The intraclass correlation coefficient (ICC) ¹⁷ was used to describe overall conformity of estimates between observers and repeatability of estimates by individual observers, with each location in each image being considered a separate target for measurement. The ICC gives the proportion of total variance in estimates across all locations in all images that is due to the targets of the estimates (the locations). Therefore, measurement error due to the observer is given by 1-ICC and a high ICC indicates good conformity or repeatability relative to the total measurement range. The ICC was calculated using the ICC() function in the R package psych ¹⁸ according to the ICC(2,1) and ICC(3,1) methods described by Shrout and Fleiss ¹⁷ for conformity between observers and repeatability by individual observers, respectively. The Nest() function in the R package ICC ¹⁹ showed that 3 repeats of 3 images per observer were sufficient to yield an ICC with 95% confidence interval (CI) width < 0.1 when ICC > 0.79 in the repeatability study. The same function showed that with 6 or 8 observers per group and 10 images, ICC for conformity within groups would have 95% CI width < 0.1 irrespective of ICC. 

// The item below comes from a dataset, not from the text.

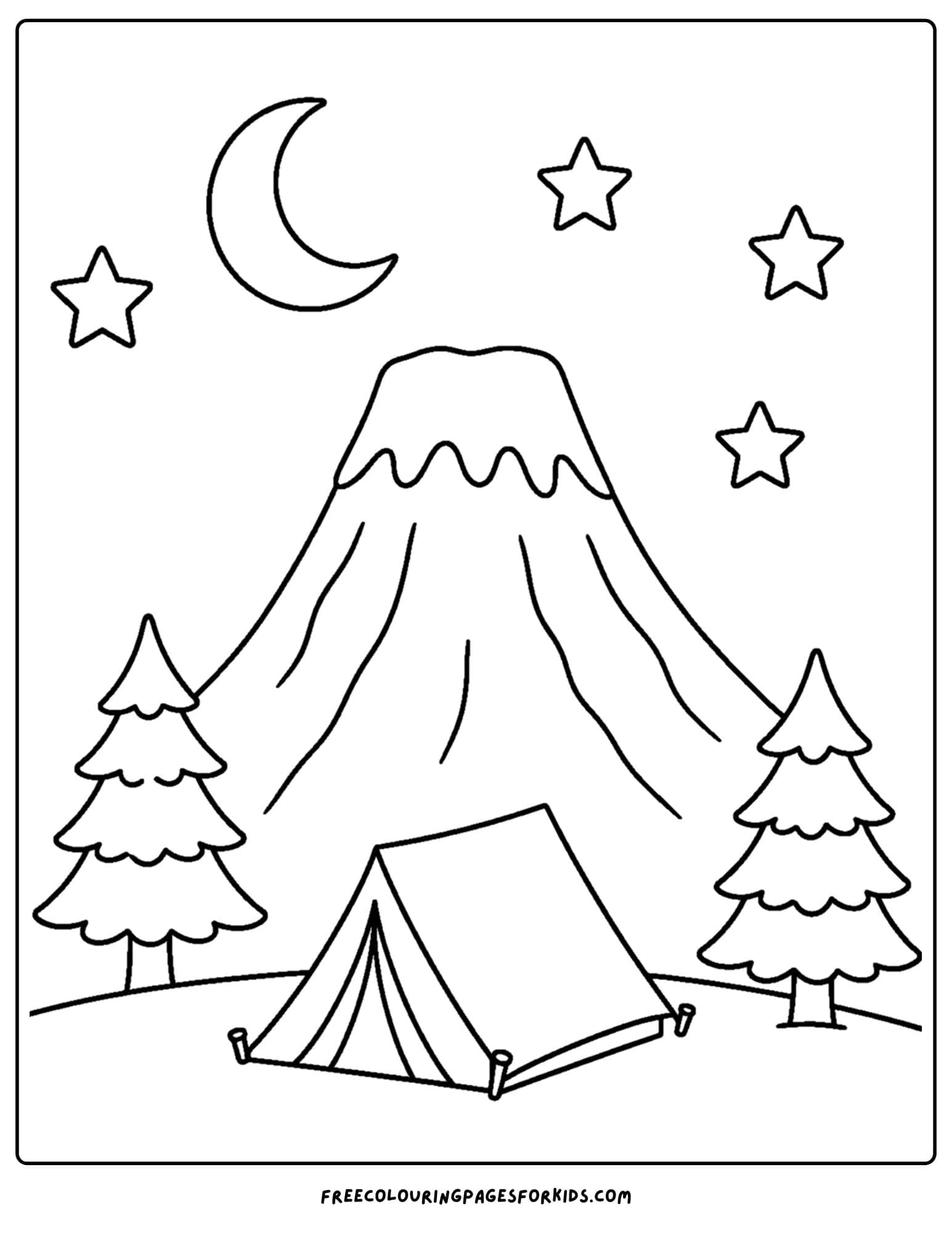 a coloring page of a volcano under the night sky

Observers from both groups took a median of 20 minutes per image (interquartile range [IQR] 15–27 minutes for clinicians and 15–25 minutes for naïve observers) to trace the RNFBs. 

Across all locations of all images, ICC for conformity between observers was 0.97 (95% CI 0.97–0.98) within the clinician group, and 0.89 (95% CI 0.88–0.90) within the naïve group. These values suggested good conformity between observers, but must be contextualized by the absolute between-observer variability in best estimates, which varied across visual field locations, generally being greater at locations further from the optic nerve head (Fig. 2). Median range of best estimates (median angular distance between furthest apart best estimates across the 10 images) for a visual field location was 27° (IQR 20°–38°) for clinicians and 33° (IQR 22°–50°) for naïve observers. Spearman's rank correlation between median range of best estimates and distance from the optic nerve head was 0.72 for clinicians and 0.73 for naïve observers (both P < 0.001). 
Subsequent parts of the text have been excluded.